**Description of the task:**
Run through the records and show each line that includes the string "Shirt".
───── Given information
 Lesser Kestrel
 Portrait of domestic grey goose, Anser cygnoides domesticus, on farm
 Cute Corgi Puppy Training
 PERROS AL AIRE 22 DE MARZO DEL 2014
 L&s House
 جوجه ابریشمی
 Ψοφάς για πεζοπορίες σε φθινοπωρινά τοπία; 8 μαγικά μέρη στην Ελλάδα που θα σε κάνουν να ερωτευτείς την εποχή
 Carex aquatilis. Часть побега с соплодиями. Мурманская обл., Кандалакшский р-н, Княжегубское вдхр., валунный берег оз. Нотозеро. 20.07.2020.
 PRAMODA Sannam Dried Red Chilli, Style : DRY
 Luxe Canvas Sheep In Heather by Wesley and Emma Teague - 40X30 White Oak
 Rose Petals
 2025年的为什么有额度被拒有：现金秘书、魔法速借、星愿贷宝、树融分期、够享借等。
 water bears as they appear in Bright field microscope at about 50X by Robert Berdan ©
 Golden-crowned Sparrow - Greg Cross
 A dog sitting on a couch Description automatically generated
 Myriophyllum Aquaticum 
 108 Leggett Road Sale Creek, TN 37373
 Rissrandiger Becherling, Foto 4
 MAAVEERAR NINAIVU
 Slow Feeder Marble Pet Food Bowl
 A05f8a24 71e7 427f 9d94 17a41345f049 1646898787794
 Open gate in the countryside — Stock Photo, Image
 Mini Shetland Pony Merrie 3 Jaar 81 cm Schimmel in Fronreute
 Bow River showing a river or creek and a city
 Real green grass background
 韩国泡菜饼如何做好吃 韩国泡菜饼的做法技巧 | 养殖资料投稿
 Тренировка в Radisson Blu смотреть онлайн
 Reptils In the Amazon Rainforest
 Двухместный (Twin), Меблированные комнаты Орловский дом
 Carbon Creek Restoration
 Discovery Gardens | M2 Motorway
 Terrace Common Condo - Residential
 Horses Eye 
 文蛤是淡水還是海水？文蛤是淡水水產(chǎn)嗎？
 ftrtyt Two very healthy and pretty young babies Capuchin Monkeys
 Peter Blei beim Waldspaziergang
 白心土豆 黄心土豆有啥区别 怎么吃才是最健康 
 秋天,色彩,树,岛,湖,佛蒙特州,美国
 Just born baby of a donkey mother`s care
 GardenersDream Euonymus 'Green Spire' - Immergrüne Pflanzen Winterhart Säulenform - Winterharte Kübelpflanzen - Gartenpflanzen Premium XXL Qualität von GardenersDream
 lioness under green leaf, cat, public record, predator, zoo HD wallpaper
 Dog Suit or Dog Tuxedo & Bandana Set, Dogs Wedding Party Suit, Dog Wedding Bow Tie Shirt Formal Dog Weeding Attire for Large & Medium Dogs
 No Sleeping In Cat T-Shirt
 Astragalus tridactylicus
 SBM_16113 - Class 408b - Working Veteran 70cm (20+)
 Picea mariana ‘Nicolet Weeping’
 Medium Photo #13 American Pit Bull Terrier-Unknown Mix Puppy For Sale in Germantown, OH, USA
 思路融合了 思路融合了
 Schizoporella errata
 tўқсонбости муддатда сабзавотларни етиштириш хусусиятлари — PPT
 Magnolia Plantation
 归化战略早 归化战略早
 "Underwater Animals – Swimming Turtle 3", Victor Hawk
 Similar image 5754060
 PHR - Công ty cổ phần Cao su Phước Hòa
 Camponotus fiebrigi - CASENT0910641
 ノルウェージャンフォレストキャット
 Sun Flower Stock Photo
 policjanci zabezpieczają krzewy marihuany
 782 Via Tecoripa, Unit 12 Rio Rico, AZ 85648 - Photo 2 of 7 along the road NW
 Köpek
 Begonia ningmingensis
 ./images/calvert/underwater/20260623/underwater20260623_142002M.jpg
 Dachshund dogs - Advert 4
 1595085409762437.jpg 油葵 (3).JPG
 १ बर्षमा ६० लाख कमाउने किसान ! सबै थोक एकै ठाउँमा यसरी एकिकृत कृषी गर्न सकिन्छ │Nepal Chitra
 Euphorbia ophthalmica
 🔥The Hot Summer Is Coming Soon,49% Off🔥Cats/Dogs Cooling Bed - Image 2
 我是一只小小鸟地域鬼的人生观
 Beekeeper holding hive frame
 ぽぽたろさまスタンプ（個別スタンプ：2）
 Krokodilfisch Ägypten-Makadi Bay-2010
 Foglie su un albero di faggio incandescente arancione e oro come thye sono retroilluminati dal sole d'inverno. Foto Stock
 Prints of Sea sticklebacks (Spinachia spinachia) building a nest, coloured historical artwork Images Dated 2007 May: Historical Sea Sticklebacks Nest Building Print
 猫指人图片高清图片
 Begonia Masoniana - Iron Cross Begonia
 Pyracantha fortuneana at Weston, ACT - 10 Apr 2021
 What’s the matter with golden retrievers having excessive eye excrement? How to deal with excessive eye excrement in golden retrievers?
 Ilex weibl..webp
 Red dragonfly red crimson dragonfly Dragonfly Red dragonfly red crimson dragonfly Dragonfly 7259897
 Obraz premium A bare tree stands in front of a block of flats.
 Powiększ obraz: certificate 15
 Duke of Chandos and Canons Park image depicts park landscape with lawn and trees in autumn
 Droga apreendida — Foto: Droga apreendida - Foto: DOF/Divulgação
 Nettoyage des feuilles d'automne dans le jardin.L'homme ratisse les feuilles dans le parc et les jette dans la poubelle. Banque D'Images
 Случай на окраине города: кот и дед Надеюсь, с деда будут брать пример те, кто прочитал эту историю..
──────────
**Result:**
 Dog Suit or Dog Tuxedo & Bandana Set, Dogs Wedding Party Suit, Dog Wedding Bow Tie Shirt Formal Dog Weeding Attire for Large & Medium Dogs
 No Sleeping In Cat T-Shirt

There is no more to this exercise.